Моего отца звали Ксавье Улисс Лайтман, и он умер в девятнадцать лет, когда я был совсем маленьким. Я всегда убеждал себя в том, что мне повезло – ведь невозможно скучать по человеку, которого ты не помнишь. Но, если честно, я скучал по нему и восполнял пустоту в душе любой информацией о нем, какая была доступна. Иногда мне казалось, что я пытаюсь заработать право тосковать по нему с той же силой, что и моя мама с его родителями. В десять лет у меня началось то, что теперь я называю «фаза Гарпа». Именно тогда мое любопытство по отношению к покойному отцу постепенно превратилось в полноценную навязчивую идею. До того мне хватало смутного, идеализированного образа, который сформировался в моем сознании за долгие годы. Однако на самом деле мне были известны всего четыре факта о нем – то, что мне постоянно говорили о нем в детстве, в основном бабушка с дедушкой:
1. Я выгляжу совсем как он, когда ему было (вставить мой возраст на данный момент).
2. Он очень любил меня и мою мать.
3. Он погиб на работе в результате аварии на станции очистки сточных вод.
4. Авария предположительно произошла не по его вине.

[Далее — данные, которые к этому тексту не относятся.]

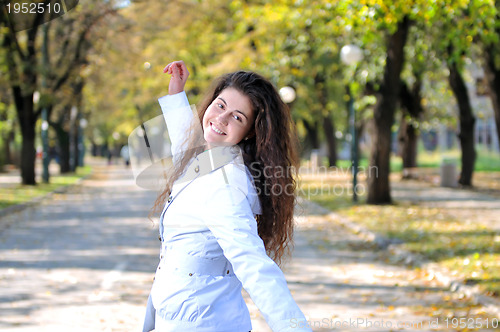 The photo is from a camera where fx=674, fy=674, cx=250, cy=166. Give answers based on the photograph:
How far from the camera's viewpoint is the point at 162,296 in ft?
7.73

Когда мой возраст достиг двузначных чисел, эти расплывчатые сведения уже не могли удовлетворить мое растущее любопытство. Поэтому я, естественно, начал бомбардировать мать вопросами. Причем ежедневно и без передышки. В то время я был слишком мал и глуп и не понимал, как ей тяжело постоянно говорить с десятилетним сыном о его погибшем отце. Я же, эгоистичный тупица, доставал маму снова и снова, а она терпеливо отвечала на мои вопросы – до тех пор, пока однажды не отдала мне латунный ключик от чердака и не рассказала о спрятанных там коробках. До того дня я полагал, что она пожертвовала все добро отца на благотворительность – мне казалось, что именно так поступают все молодые матери-одиночки, стремящиеся начать жизнь с нуля. В тот летний день я понял, что моя мама поступила по-другому: она упаковала вещи отца в коробки и, как только мы переехали в этот дом (купленный на деньги, полученные в качестве компенсации), отнесла их на чердак. По маминым словам, она сделала это ради меня, чтобы я мог узнать об отце как можно больше.
Когда я отпер дверь и ворвался на чердак, то действительно увидел у окна составленные друг на друга картонные коробки. Их было двенадцать; освещенные солнцем, они напоминали башню из капсул времени, которые с нетерпением ждали, чтобы я побыстрее раскрыл их тайны.